Critically, operational carbon accounts for 28% of all global greenhouse gas emissions, compared to the 11% stemming from embodied carbon. Not only that, but eight in 10 of the buildings that will be standing in 2050 have already been built.

In this sense, decarbonising the current building stock is just as important – if not more so – as ensuring that new buildings are created and operated sustainably. So, how can this be achieved?

The obvious and traditional approach is to invest in improving energy performance. Insulation solutions such as double (or even triple) glazing can help to reduce the energy output required to maintain optimum temperatures, while heat pumps and hydrogen-conducive boilers are increasingly entering the fray as energy efficient alternatives to traditional heating solutions.

From switching to LED lighting to investing in smart building management tools and sensors to adjust heating, cooling and lighting output automatically in accordance with building occupancy, there are plenty of solutions available. However, it is not always necessary to spend large sums to achieve major sustainability gains.
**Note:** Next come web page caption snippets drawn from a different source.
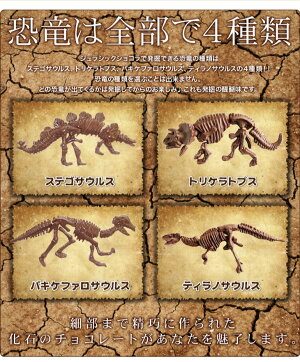 ����饷�å����祳�� �ѥ��� �ڤ�����祳�� ȯ�� ���� ��ˡ��� ������ ���⤷����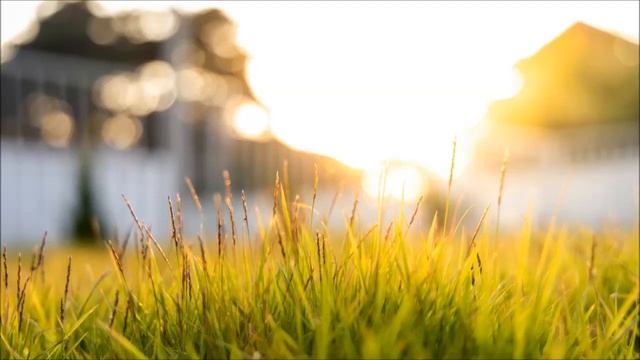 ВОСХИЩЕНИЕ ЦЕРКВИ БЛИЗКО смотреть онлайн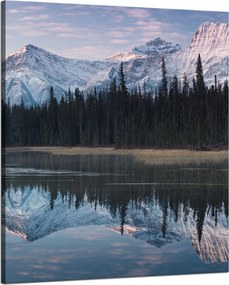 Vászonkép Tópart Víz Erdők Hó hegyek 80x100 cm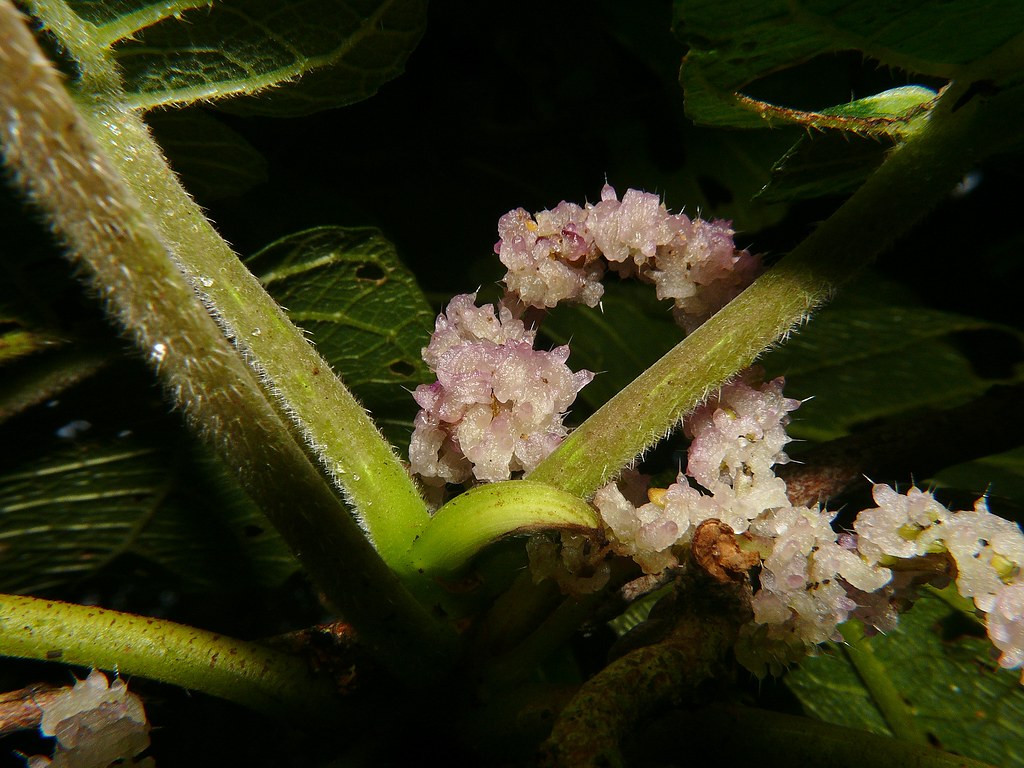 Gympie Gympie Giant Stinger tree Dendrocnide excelsa Bunya… Flickr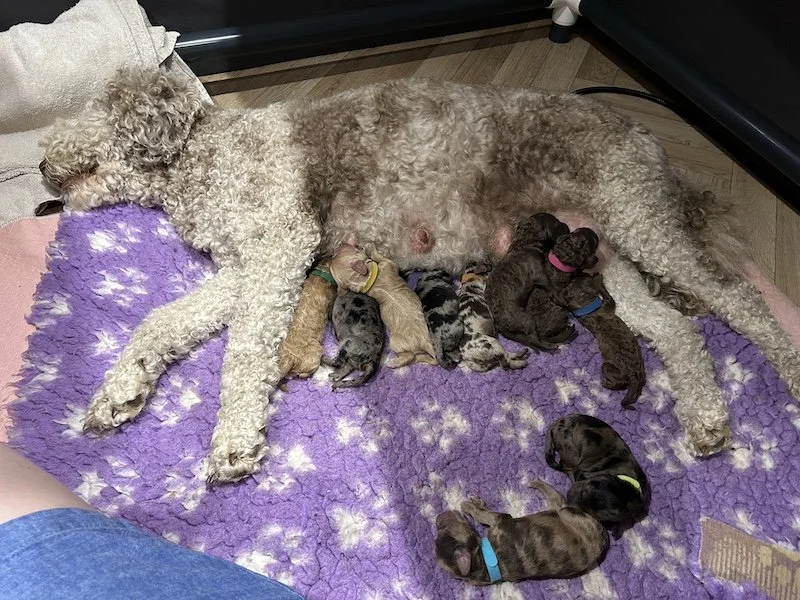Goldendoodle puppies9.jpeg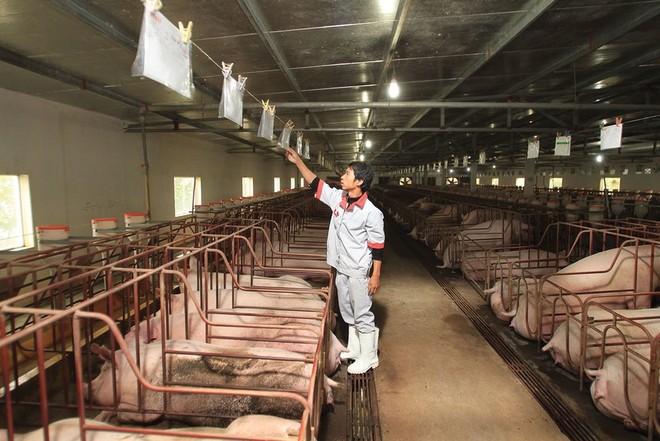 Dabaco Việt Nam (DBC): Lãi quý I/2026 giảm 26,4% khi giá heo hơi thấp hơn cùng kỳ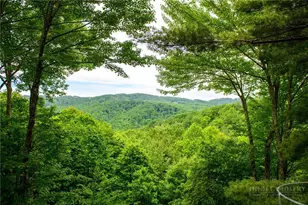173 Rhododendron Dr, Beech Mountain, NC 28604 - Photo 42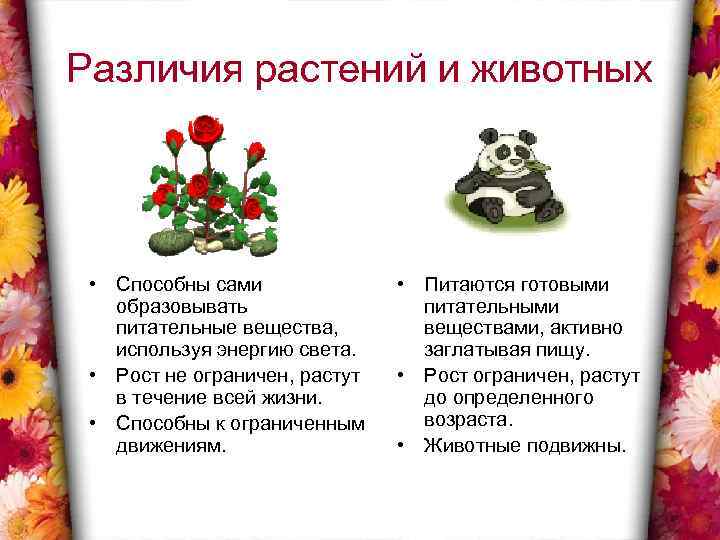Различия растений и животных • Способны сами образовывать питательные вещества, используя энергию света. •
Instead, it is possible to fulfil key objectives by working together to share ideas and make better use of what already exists.By establishing open and honest relationships in which all parties are pulling in the same direction towards a shared vision, much can be achieved. More businesses are developing Carbon Transition Plans. However, and alarmingly, a recent study by the World Benchmarking Alliance (WBA) and CDP has revealed that over 50% of major companies in the global construction and property development industry have failed to establish climate transition strategies. The study evaluated 50 companies involved in various building-related sectors and analysed their performance and targets concerning climate-related issues.

Here, many forums and associations exist to stimulate conversations and collective innovation. Let’s Go Zero is a prime example, the body being established to unite those schools and support them in striving for better, fairer, zero carbon future.

Further, we’re also seeing increasing numbers of schemes such as the government-backed Smart Export Guarantees (SEG) emerging. Here, renewable energy producers can feed back unused electricity into the grid and receive payment as a result.

One of our schemes at a health centre is achieving just that. There is an opportunity for occupants to get a return on investment in renewable technology from reduced energy bills, but there’s also an incentive to continue to minimise consumption in order to receive higher payments from the grid. Based upon a Smart Export Guarantee (SEG) price of 5p/kWh, our customer will receive £200 per annum. The cost of the export meter is £1400 + VAT, meaning a seven-year return for them.

Corporate power purchase agreements (CPPAs) are another option, enabling businesses to agree contracts to purchase renewable electricity directly from a specific producer with fixed costs for long periods.

Ultimately, the point is that major investment isn’t necessary to make massive improvements in respective of emissions in the built environment.

By working together, sharing ideas and embracing deep collaboration across the entire value chain, we can achieve the radical transformation needed in the way buildings are designed, built, occupied, and deconstructed, and take strides towards the sustainable future that our planet and future generations are reliant upon.